The rocky terrain of Madhya Pradesh’s Neemuch district has emerged as the largest solar power-generating hub in India, but the nomadic communities that have lived there for generations find themselves dispossessed of land and reduced to abject poverty.
THE Jawaharlal Nehru National Solar Mission, launched in 2010 by the then Prime Minister, Manmohan Singh, as part of India’s plan to combat climate change, is considered one of Prime Minister Narendra Modi’s current pet projects. Across the country, States (especially those governed by the Bharatiya Janata Party [BJP]) have been vying—at least on paper—in the race to achieve the revised target of 1,00,000 megawatts (MW) by 2022. Large tracts of land have been earmarked for the setting up of exclusive solar power parks, and plans are afoot to amend land use regulations and tenancy laws in order to facilitate aggregation and leasing of land by farmers/developers for these projects.
In order to understand the impact of one such solar power project set up by Welspun in 2013,Frontline visited Neemuch district in Madhya Pradesh.
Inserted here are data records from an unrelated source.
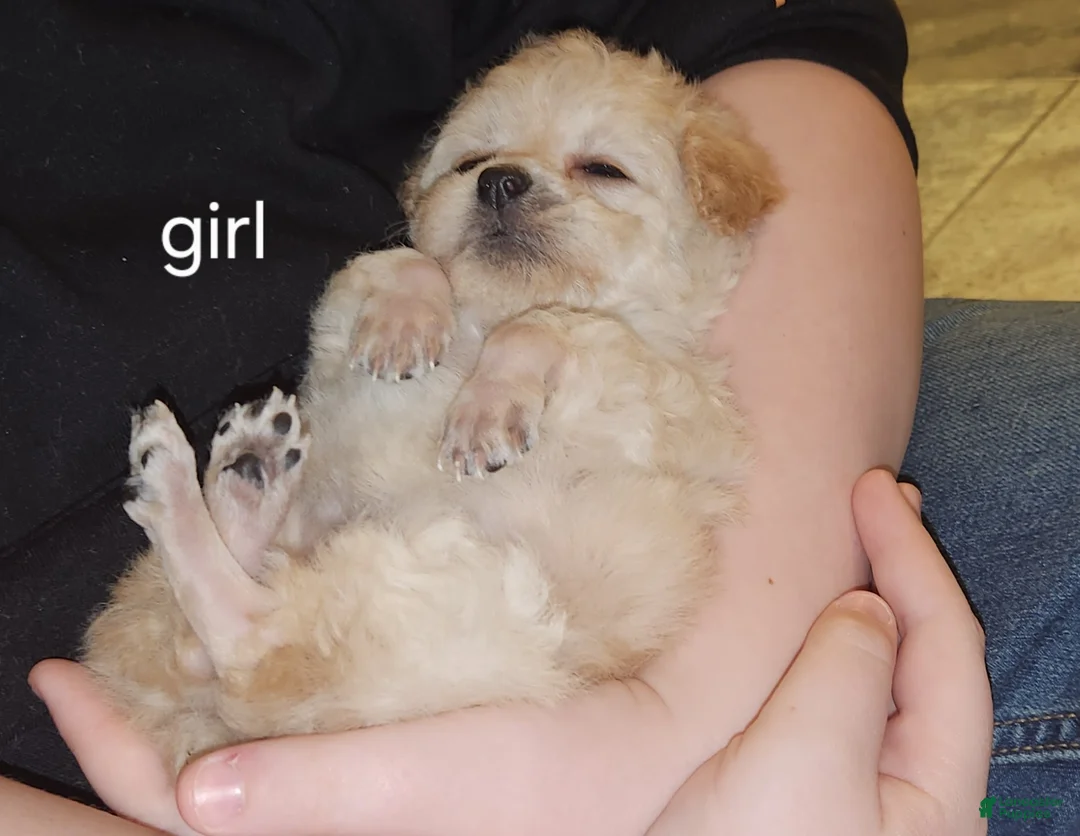 Havapoo dogs for sale: Havapoo Puppy 1 - Ad 1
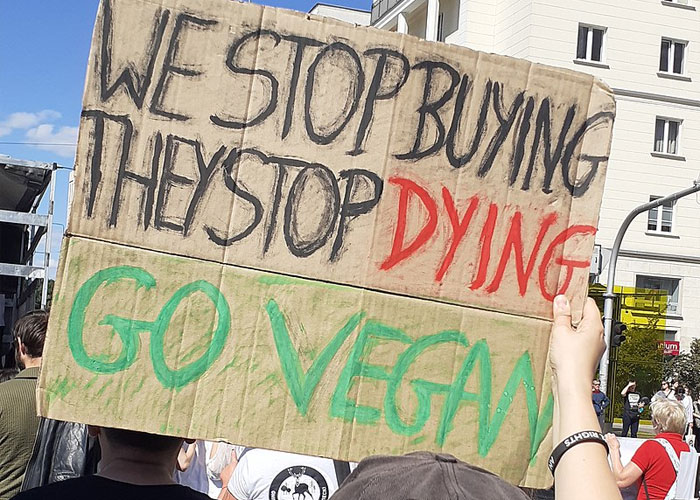 "She's Not A Vegan": Boyfriend Can't Take It Anymore, Calls Out Girlfriend On Her Lies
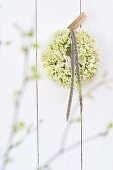Wreath of green carnations tied with black and white striped ribbon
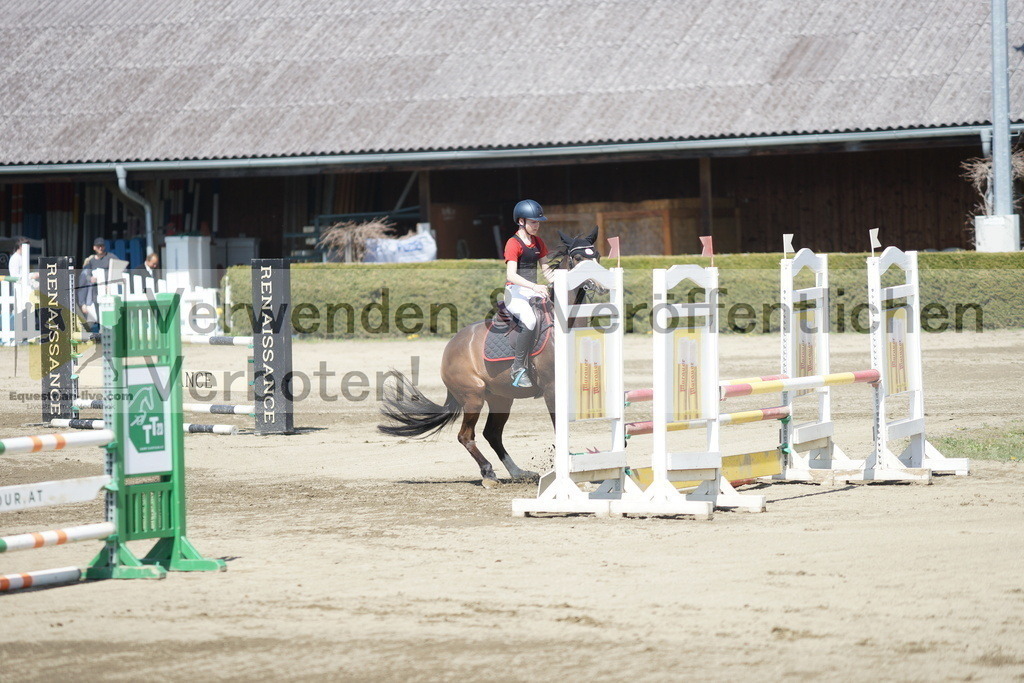 DSC02925 | equestrian-live-com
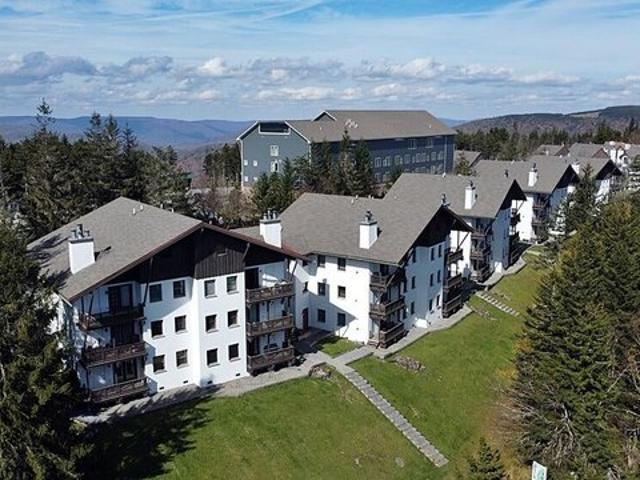 Condo for sale in Snowshoe, West Virginia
Located 60 kilometres from Mandsaur, the nerve centre of farmers’ protests across the country in June, the village of Bhagwanpura in Neemuch district is home to over 200 families from the Adivasi/nomadic communities of Gurjars and Bhils. For generations, they had grazed their cattle on government land, subsisted on rain-fed corn and jowar and water drawn from the ponds nearby, lived in homes hewn out of the rocky terrain, and worshipped their gods in little stone shrines. In short, they had been self-sufficient communities who lived well within their means, and with dignity.